SHARE White Sox Chris Sale finding his offseason, spring training groove

XXX # of the Chicago White Sox poses for a portrait during spring training photo day at Camelback Ranch on February 27, 2016 in Glendale, Arizona.

GLENDALE, Ariz. — In the ongoing search to know what’s best for his body, White Sox left-hander Chris Sale threw less  and worked out more this past offseason.

“I’d get extended [throwing] maybe once a week,” Sale said Saturday. “It was more finding a release point, arm slot, getting mechanics down. Not a heavy workload throwing.”

Pitching coach Don Cooper says his top priority for Sale, an American League All-Star in his every season as a starter, is keeping him healthy.
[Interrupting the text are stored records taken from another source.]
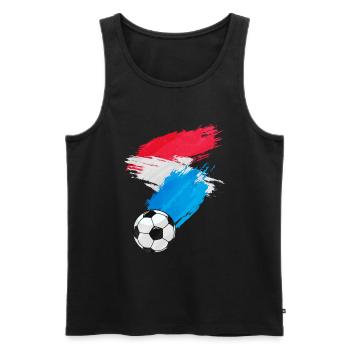 Drapeau du Luxembourg Football - Débardeur bio Premium Homme - noir - Devant - Michal (187cm)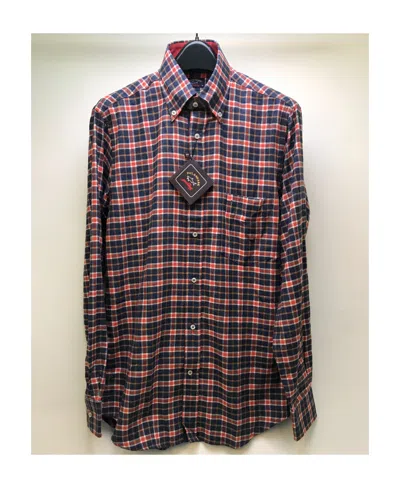 PAUL & SHARK LAPEL PLAID LONG-SLEEVED SHIRT
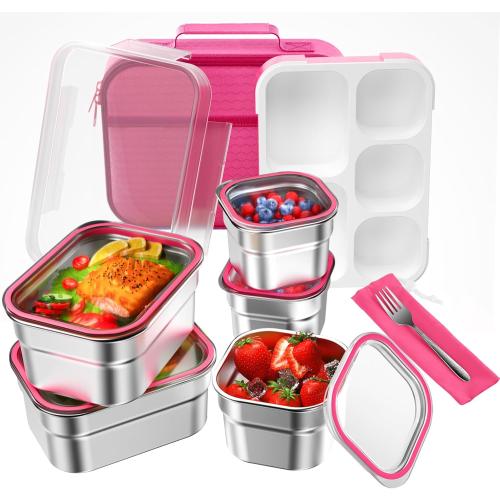 DaCool Stainless Steel Lunch Box Bento for Kids Adults Leakproof BPA-Free Metal Lunch Containers Tray 5-Compartment with Fork for Girls Food Snack Containers for School Outdoors, Pink
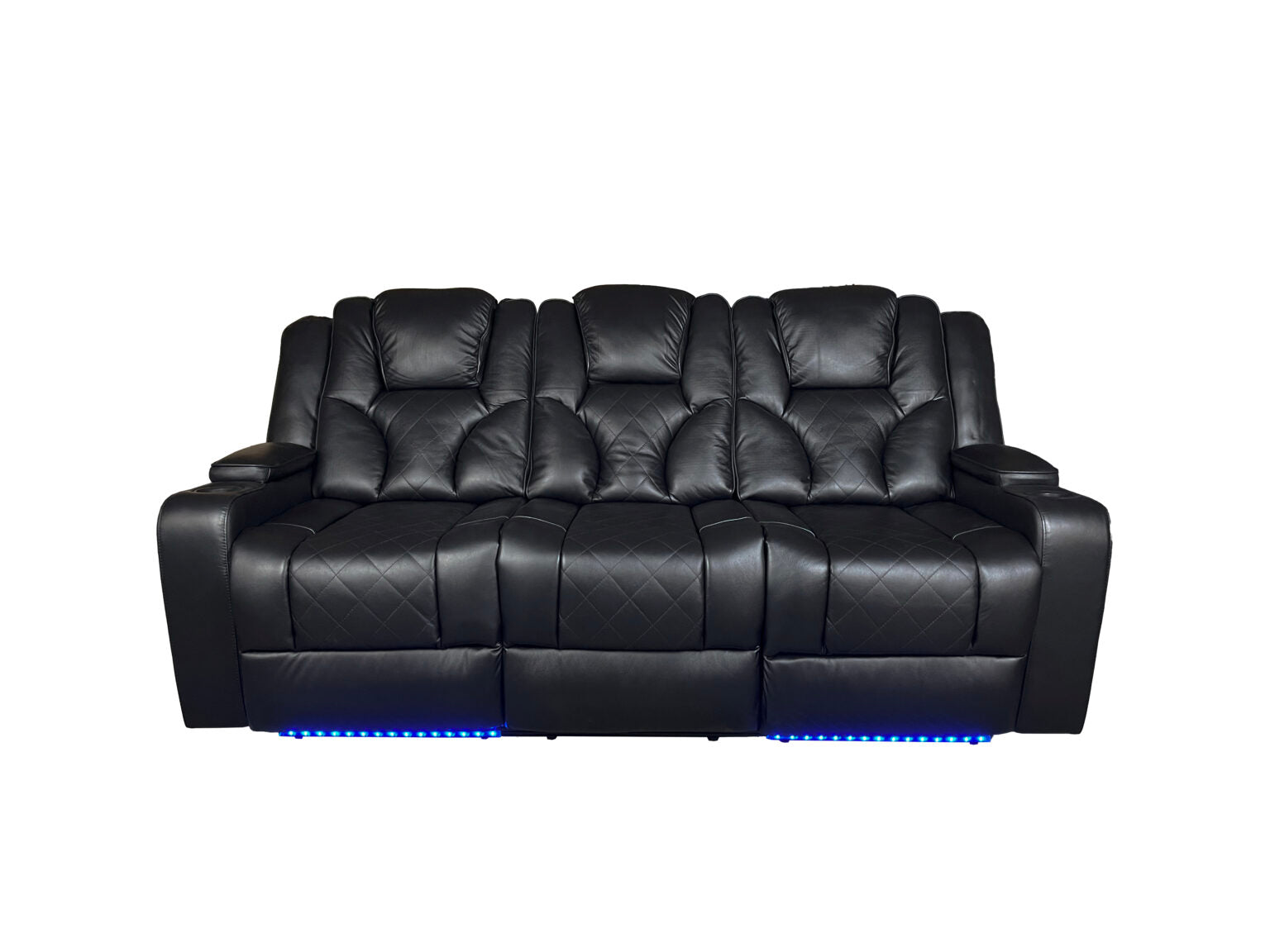 AMSTERDAM 3+2 TOP GENUINE LEATHER ELECTRIC LED RECLINING SOFA – BLACK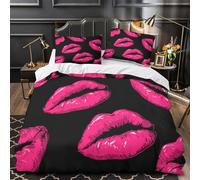 YVASPQRTW Beso de Labios Rosados 3D Impresión Funda de edredón 3pz Microfibra Cremallera Oculta diseño Vectorial Edredón Funda 2 Fundas Lavable a máquina Adultos Parejas Double（200x200cm）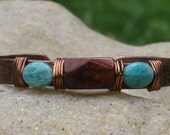 Copper Bracelet with Jasper and Amazonite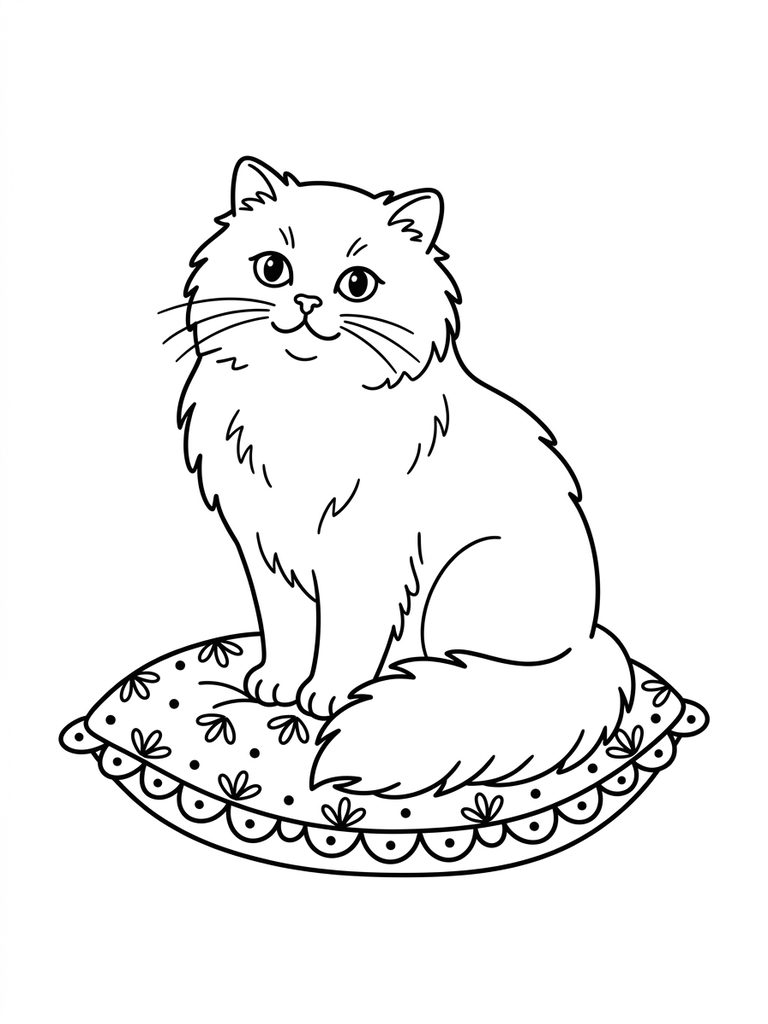 Realistic Persian Cat, Sitting Elegantly On A Cushion Coloring Page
Cooper said Friday Sale won’t start a Cactus League game till March 19, and in the meantime will get his work in throwing live batting practice (as he did Saturday), simulated games and sessions on the side with Cooper and bullpen coach Bobby Thigpen.

Sale said he felt fresh after camp last year, when he did not throw a Cactus League game because of a foot injury, and felt good at the end of the season.
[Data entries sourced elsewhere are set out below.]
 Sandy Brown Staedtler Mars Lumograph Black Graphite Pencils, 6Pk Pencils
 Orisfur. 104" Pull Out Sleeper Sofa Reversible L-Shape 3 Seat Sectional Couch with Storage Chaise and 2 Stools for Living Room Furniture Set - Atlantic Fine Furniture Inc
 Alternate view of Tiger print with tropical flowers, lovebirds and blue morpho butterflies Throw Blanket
“Last year gave me a pretty good gauge of what we need to do out here,” Sale said. “I didn’t get any game action. Mostly just throwing on the side and stuff like that. I think that formula is what we are trying to find, what works best. Not only that, but we are facing teams that we face early on in the season as well.”
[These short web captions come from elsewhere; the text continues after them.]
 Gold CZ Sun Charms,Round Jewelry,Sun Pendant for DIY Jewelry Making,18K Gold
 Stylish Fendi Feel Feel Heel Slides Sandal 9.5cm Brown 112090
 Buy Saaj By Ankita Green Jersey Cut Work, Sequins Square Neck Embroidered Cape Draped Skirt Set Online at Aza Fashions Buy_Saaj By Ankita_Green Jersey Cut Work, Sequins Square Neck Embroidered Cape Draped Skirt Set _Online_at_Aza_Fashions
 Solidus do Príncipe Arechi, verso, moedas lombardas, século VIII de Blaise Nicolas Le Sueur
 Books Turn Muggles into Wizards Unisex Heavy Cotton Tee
Of equal importance is keeping the ace out of harm’s way from potential comebackers to the mound.

“I don’t want to sound arrogant, but throwing strikes isn’t the main focus [during spring training],” Sale said. “It’s building up arm strength and finding a routine. I think that’s we are going to focus on more is arm strength, throwing arm side fastballs, changeups, backdoor breaking balls. Like I said before, sometimes you get into games and you don’t really do that.”

For core strength, Sale incorporated Pilates one day a week into his workout routine this offseason .

“May not make me the manliest person in the world but I will say this, my body felt great after doing it,” he said. “A lot of core strength, a lot of stretching out. A lot of what I need, is to be loose and limber and stretched out and staying tight in the middle.”

Manager Robin Ventura was more interested in watch newcomer Mat Latos throw live batting practice Saturday than Sale. In Sale, he knows what he’s got.

“I saw a little of him, but as long as he’s throwing and nothing hurts – I know that – he’s fine, just getting his work in,” Ventura said.

NOTES: Sale, who often spoke highly of Tyler Flowers as a receiver, continued to downplay a change to Alex Avila and Dioner Navarro. He threw to Avila Saturday.

“Really just hitting the ground running,” Sale said. “We’re trying to figure each other out, talking situations and same thing with Dioner. We’re figuring out what we like, do you care if I set up late, or down on a knee, what’s it like when you’re doing this or where do you prefer the glove to be. All normal stuff, but it’s been great so far.

“Honestly people are making a lot bigger deal than it really is. We’re all professionals, major league baseball players. If we had signed a 14-year old to go back there it might be a bigger issue. We’ve all been there.  We’ll make a pretty seamless transition to these guys because of who they are, what they’ve done and what they bring to the table.”

Sale said he doesn’t need to have a personal catcher.